The musical premiered at La Jolla Playhouse in the Mandell Weiss Theatre, in 1997. A planned Broadway production was slated for 2004, but due to lack of funds, it was ultimately canceled. The production opened in Atlanta in 2013, and Los Angeles in 2014, before an Off-Broadway production opened in April 2022. A Broadway transfer opened in November 2023 starring Chip Zien and Sierra Boggess. It closed on February 4, 2024.

== Productions ==

=== San Diego (1997) ===
In February 1997, Harmony was announced to start previews on October 7, 1997, in the Mandell Weiss Theatre at La Jolla Playhouse. It was created by Barry Manilow, with book and lyrics by Bruce Sussman. It opened on October 19, 1997, and closed on November 30, 1997. The entire production received mixed reviews, and was three hours in length.

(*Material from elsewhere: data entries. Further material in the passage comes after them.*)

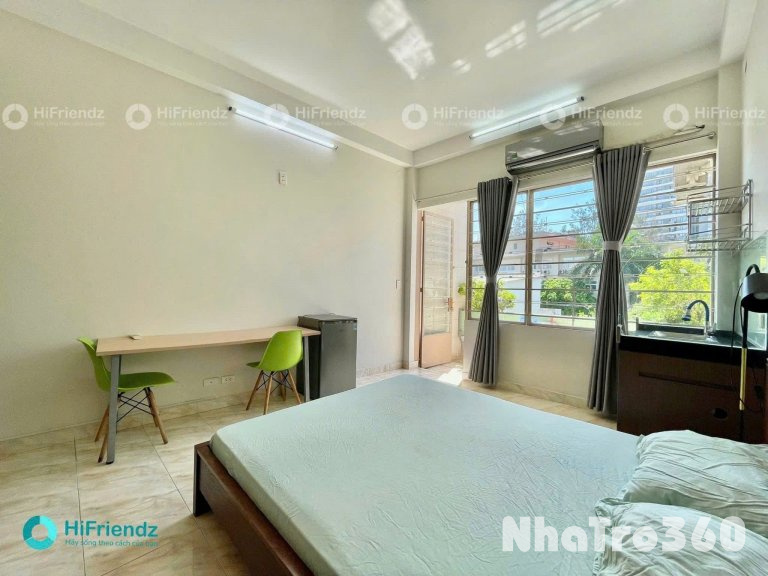 TRỐNG LẠI CĂN HỘ BAN CÔNG RỘNG RÃI THOÁNG MÁT TẠI Q8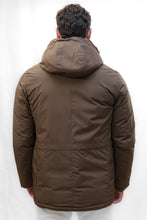 Carica l&#39;immagine nel visualizzatore di Gallery, Short Parka AT.P.CO Mod.A253MILCAR646 brown
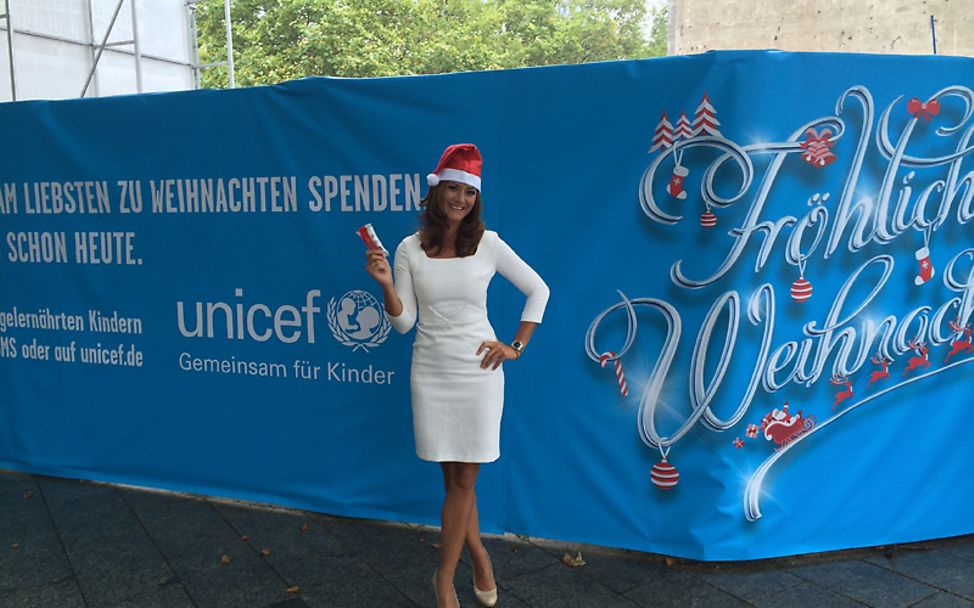 Sandra Thier bei einer ungewöhnlichen Weihnachtsaktion im September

David Warren directed the production, with set design by Derek McLane, costume design by Mark Wendland, sound design by Steve Canyon Kennedy and lighting by Ken Posner. Danny Burstein originated the role of Rabbi. Other cast members include Mark Chmiel as Lesh, James Clow as Bobby, Steven Goldstein as Erich, Thom Christopher Warren as Harry, Patrick Wilson as Chopin, Rebecca Luker as Mary and Janet Metz as Ruth.

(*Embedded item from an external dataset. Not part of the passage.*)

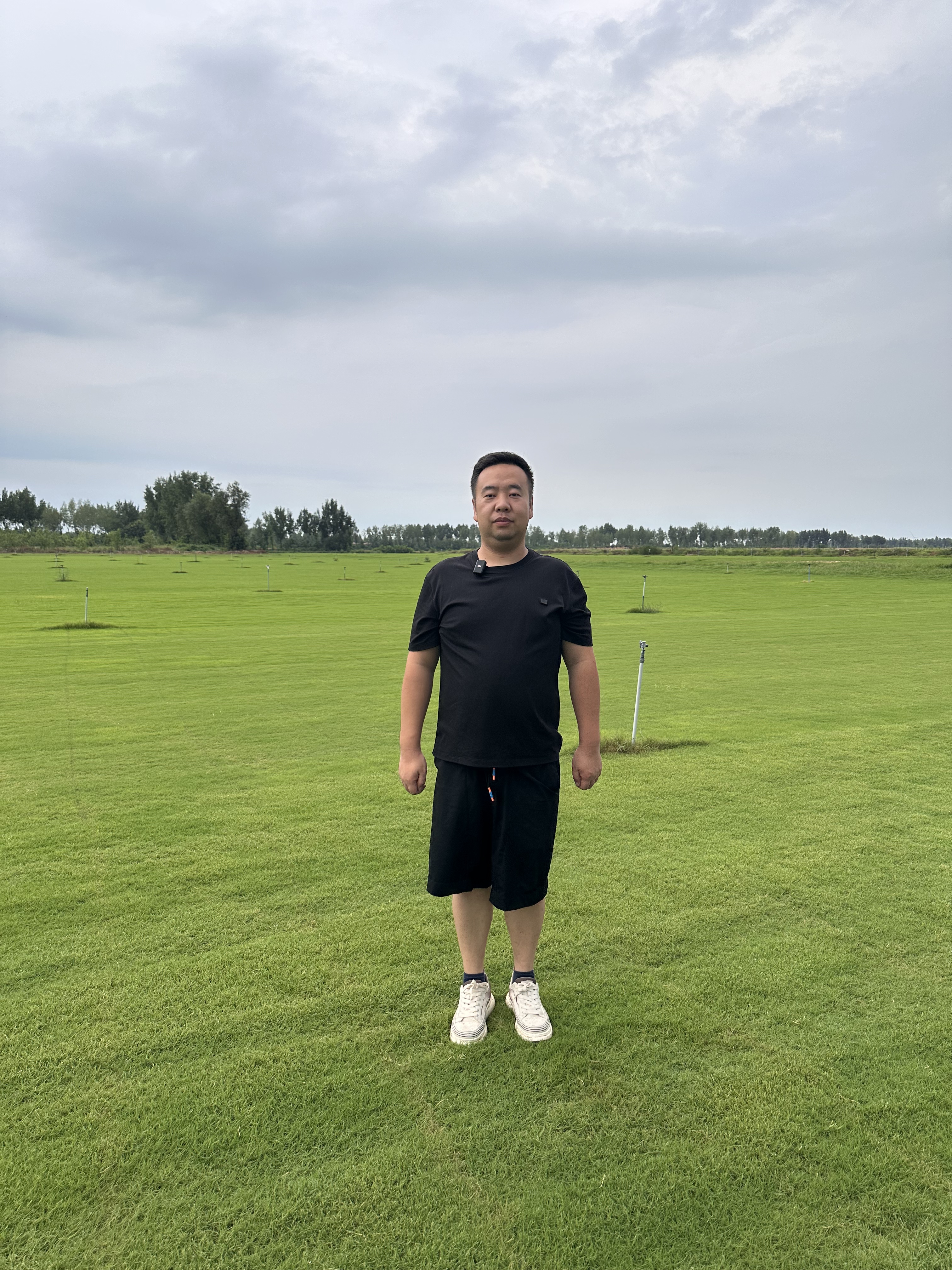 死穴2:乱选草 ×纯早熟禾铺厂区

An out-of-town try-out in Philadelphia, Pennsylvania, was slated for opening on December 17, 2003, with previews on November 25, 2003. A Broadway run was also planned for 2004. Previews for the Philadelphia try-out was delayed to December 2, 2003, with opening on December 10, 2003 due to delivery issues. Both productions were canceled following an announcement on November 13, 2003, due to lack of funds.

=== Atlanta and Los Angeles (2013, 2014) ===
After winning back the rights to the musical in 2005, Manilow and Sussman chose to run the musical at the Alliance Theatre in Atlanta, Georgia. It ran from September 6, 2013, and closed on October 6, 2013. It then ran at the Ahmanson Theatre in Los Angeles, California, from March 4, 2014, closing on April 13, 2014.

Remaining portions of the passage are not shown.